D.W. Griffith, the Biograph Company and an unusual picture
[1912] Scenarios that reached the Biograph offices, due to lack of organization, were sometimes weeks in reaching the proper department, but Mr. Griffith got first chance at After Many Years [a version of Tennyson’s Enoch Arden]. Both he and Mr. Dougherty thought it pretty good stuff, but the obvious emotional acting that had prevailed somewhere in every picture so far, was here entirely lacking. Quiet suppressed emotion only, this one had. But Doc [Mr. Dougherty] said he’d eat the positive if it wouldn’t make a good picture. So it was purchased.

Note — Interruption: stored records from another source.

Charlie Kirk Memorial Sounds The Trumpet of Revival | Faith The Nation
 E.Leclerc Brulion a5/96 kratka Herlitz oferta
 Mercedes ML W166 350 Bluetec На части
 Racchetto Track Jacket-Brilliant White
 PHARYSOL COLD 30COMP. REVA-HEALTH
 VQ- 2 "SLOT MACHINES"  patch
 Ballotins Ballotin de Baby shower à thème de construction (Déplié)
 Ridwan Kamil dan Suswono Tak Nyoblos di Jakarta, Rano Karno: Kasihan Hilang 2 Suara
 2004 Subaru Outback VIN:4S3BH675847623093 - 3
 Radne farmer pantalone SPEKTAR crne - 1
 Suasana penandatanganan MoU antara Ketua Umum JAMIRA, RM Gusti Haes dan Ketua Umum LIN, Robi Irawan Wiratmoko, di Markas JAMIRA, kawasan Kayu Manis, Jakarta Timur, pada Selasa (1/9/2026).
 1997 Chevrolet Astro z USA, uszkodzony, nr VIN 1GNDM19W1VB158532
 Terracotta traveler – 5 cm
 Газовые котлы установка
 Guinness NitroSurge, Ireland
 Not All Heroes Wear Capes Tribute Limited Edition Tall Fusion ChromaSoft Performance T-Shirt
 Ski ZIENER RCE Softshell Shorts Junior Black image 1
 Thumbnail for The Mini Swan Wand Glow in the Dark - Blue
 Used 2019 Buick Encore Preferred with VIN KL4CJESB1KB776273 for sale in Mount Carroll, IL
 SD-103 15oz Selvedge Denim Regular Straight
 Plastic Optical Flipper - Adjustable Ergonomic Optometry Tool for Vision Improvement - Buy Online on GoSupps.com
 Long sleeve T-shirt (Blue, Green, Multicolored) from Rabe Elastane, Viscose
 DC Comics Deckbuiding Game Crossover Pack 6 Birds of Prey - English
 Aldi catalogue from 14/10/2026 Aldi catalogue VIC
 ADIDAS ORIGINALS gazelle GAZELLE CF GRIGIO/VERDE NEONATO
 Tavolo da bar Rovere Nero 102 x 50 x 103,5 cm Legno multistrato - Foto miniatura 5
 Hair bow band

But After Many Years, although it had no «action», and some of us sat in the projection room at its first showing with heavy hearts, proved to write more history than any picture ever filmed and it brought an entirely new technique to the making of films.
It was the first movie without a chase. That was something, for those days, a movie without a chase was not a movie. How could a movie be made without a chase? How could there be suspense? How action? After Many Years was also the first picture to have a dramatic close-up – the first picture to have a cut-back. When Mr. Griffith suggested a scene showing Annie Lee waiting for her husband’s return to be followed by a scene of Enoch cast away on a desert island, it was altogether too distracting. «How can you tell a story jumping about like that? The people won’t know what it’s about.»
«Well», said Mr. Griffith, «doesn’t Dickens write that way?»
«Yes, but that’s Dickens; that’s novel writing; that’s different.»
«Oh, not so much, these are picture stories: not so different.»
So he went his lonely way and did it; did After Many Years contrary to all the old established rules of the game. The Biograph Company was very much worried – the picture was so unusual – how could it succeed?
It was the first picture to be recognized by foreign markets. When one recalls the high class of moving pictures that Pathé and Gaumont were then putting out, such as The Assassination of the Duc de Guise, this foreign recognition meant something.
Mrs. D.W. Griffith (Linda Arvidson), When the Movies Were Young, Dutton & Company, 1925.